Replenishment Product Aims to Boost Retail DC Optimisation
23rd January 2017
From today, retail supply chain teams will be able to use the Blue Yonder Replenishment Optimisation solution to overcome two key challenges they face in ordering and distributing stock:
1. Predicting store demand and using these predictions to automate the stock ordering process.
2. Deciding how to distribute and ration the available stock when the store orders differ from the deliveries into the distribution centre.
Blue Yonder’s Replenishment Optimisation for Distribution Centres uses artificial intelligence to optimise and automate these decisions to better balance oversupply in the warehouse with out-of-stock and waste situations in the store. The new solution ensures that the distribution centre has exactly the right amount of products available that the stores will need (not more, or less).

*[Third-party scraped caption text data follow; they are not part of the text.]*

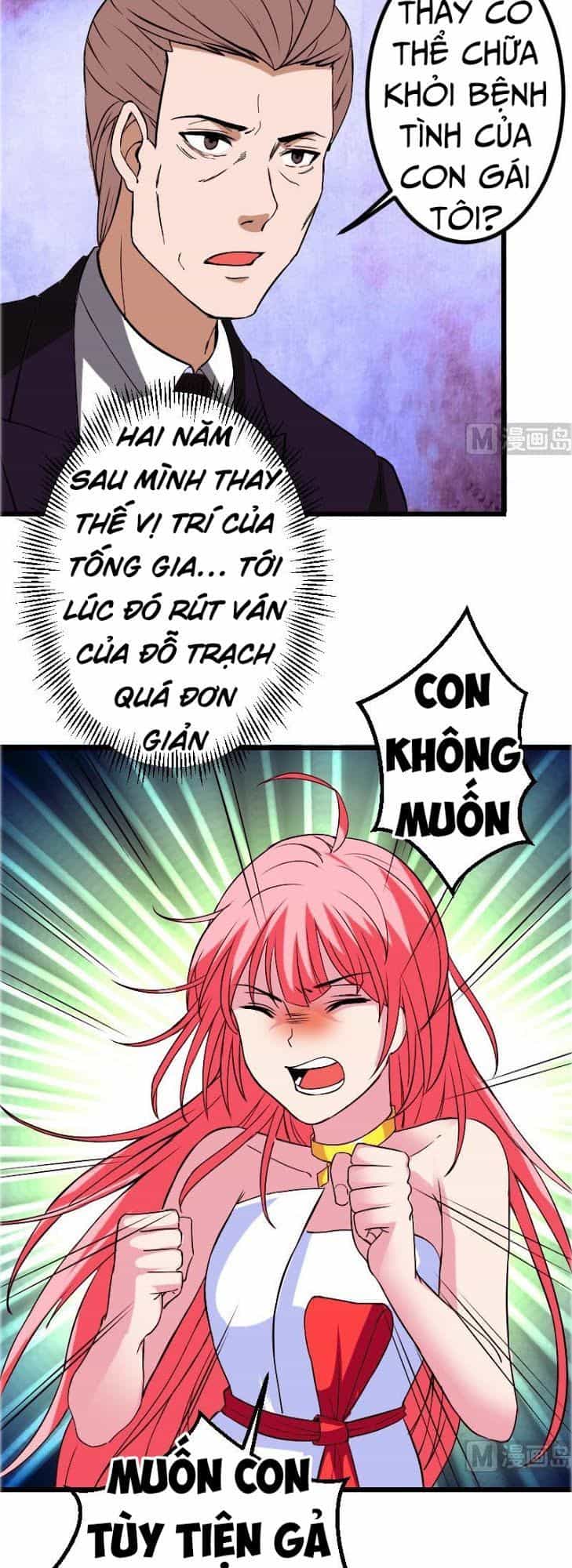 Ngưu Thư Cung Ứng Thương - Chương 92 - ảnh 10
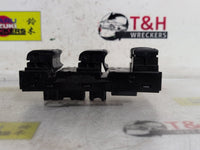 2013 Subaru Forester Jan 2013 - Feb 2015 83071SG030 Master Power Window Switch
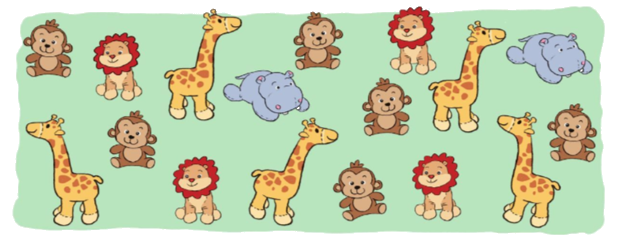 Toán lớp 3 trang 92 - Thu thập, phân loại, ghi chép số liệu thống kê - SGK Cánh diều 5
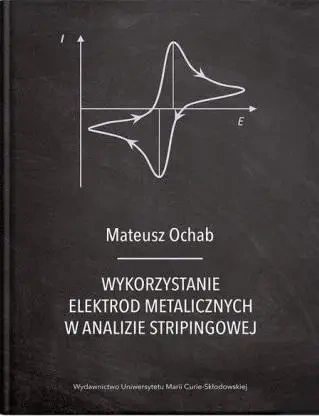 Wykorzystanie elektrod metalicznych w analizie.. - Mateusz Ochab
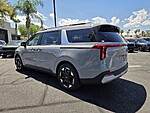 New 2026 KIA CARNIVAL EX in LAS VEGAS, NEVADA (Photo 7)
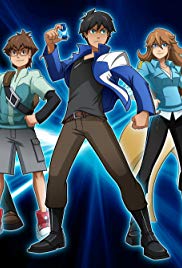 Monsuno Episode 65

Currently, most supply chain managers use a mix of manual processes and rule-based logic from their fulfillment systems to decide what to order and where to send available stock. With this new solution from Blue Yonder, machine learning enables grocery retailers to calculate the likely demand from each store based on individual customer purchasing patterns, including the potential profitability of the decision.
Customer demand for individual products are calculated at the store level and harmonised across the demand chain to optimise order intake. This allows stock ordering to be based on the most granular level of information; knowing true customer demand ensures increased accuracy and optimal stock investment, synchronizing the demand between the store and the distribution center. This helps to reduce inventory costs and therefore frees up resources for other business operations, without adversely affecting the service level in store.
Blue Yonder’s Replenishment Optimisation uses artificial intelligence to enable supply chain and replenishment teams to make the best distribution decisions each day by:
• Replacing manual processes and rule-based logic with automated decisions.
• Accurately predicting the demand of each individual product, each day, across all store and distribution centre locations.
• Automatically including events like promotions into its calculations.
• Understanding the exact impact of over and under ordering on each individual store, and calculating which store can optimize the sales of available stock on hand.